[[ Recorded data open ]]
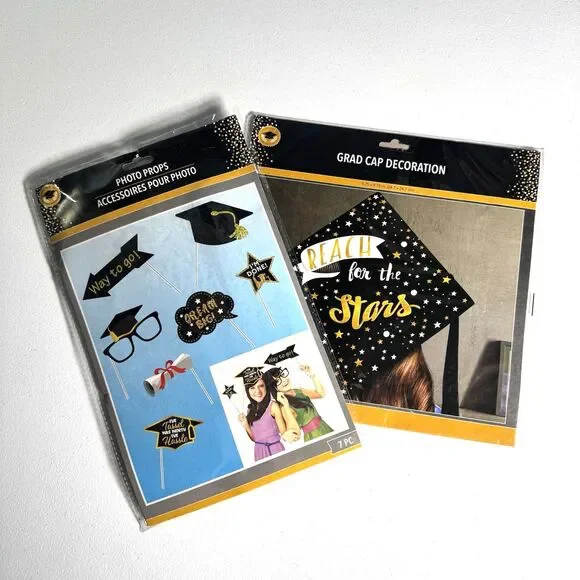 Graduation 7 Pc‎ Photo Props - Party Decor and One Grad Cap Decoration Cap Cover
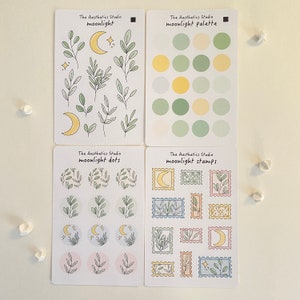 Hoja de pegatinas de luz de luna: pegatinas para Bullet Journal, relajación, magia, pegatinas para planificador, cuidado personal, pegatinas vintage, pegatinas decorativas, hygge, plantas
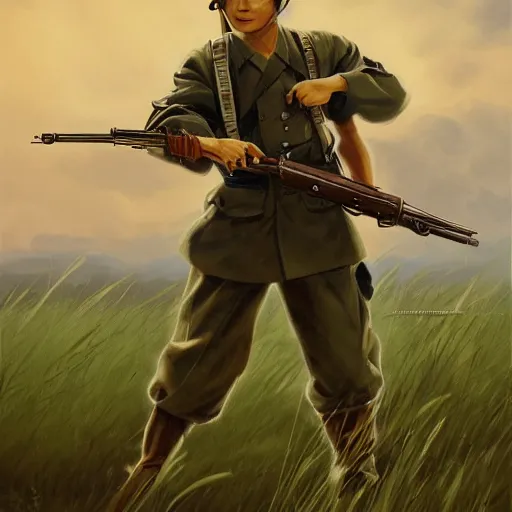 Image similar to a Japanese soldier from WW2 holding a rifle, standing in a field, high detail digital painting by Karl Kopinski and Frank Frazetta, trending on artstation, masterpiece, 4k wallpaper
[[ Recorded data closed ]]
Reproduce the whole listing exactly, but not the images in it.

 Graduation 7 Pc‎ Photo Props - Party Decor and One Grad Cap Decoration Cap Cover
 Hoja de pegatinas de luz de luna: pegatinas para Bullet Journal, relajación, magia, pegatinas para planificador, cuidado personal, pegatinas vintage, pegatinas decorativas, hygge, plantas
 Image similar to a Japanese soldier from WW2 holding a rifle, standing in a field, high detail digital painting by Karl Kopinski and Frank Frazetta, trending on artstation, masterpiece, 4k wallpaper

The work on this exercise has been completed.